Instructions for the task — Return exactly those lines of the material below that fall between the line holding "INTARSIA KNIT SWEATER  Black" and the line holding "Cute Dachshund Theme", inclusive.

Information —

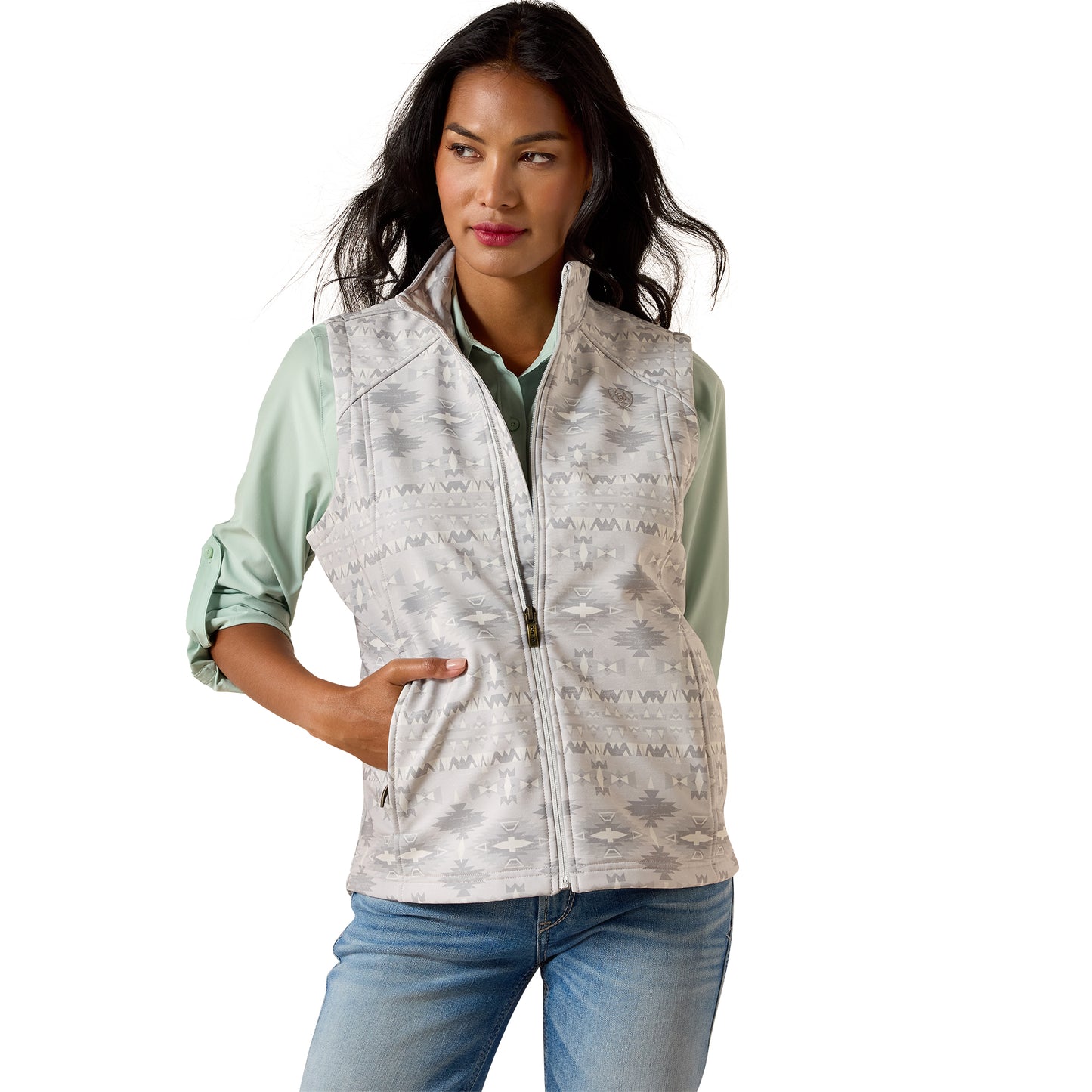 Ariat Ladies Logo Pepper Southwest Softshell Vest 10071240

...

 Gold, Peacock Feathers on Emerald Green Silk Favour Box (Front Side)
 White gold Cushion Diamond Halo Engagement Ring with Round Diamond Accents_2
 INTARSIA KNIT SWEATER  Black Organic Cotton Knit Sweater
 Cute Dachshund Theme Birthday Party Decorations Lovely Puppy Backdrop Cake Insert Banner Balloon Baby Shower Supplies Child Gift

...

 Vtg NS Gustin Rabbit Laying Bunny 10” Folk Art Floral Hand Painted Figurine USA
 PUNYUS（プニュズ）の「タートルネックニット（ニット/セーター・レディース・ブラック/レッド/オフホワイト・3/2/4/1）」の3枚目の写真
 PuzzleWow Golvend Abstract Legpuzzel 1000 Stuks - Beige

Result of the exercise —
 INTARSIA KNIT SWEATER  Black Organic Cotton Knit Sweater
 Cute Dachshund Theme Birthday Party Decorations Lovely Puppy Backdrop Cake Insert Banner Balloon Baby Shower Supplies Child Gift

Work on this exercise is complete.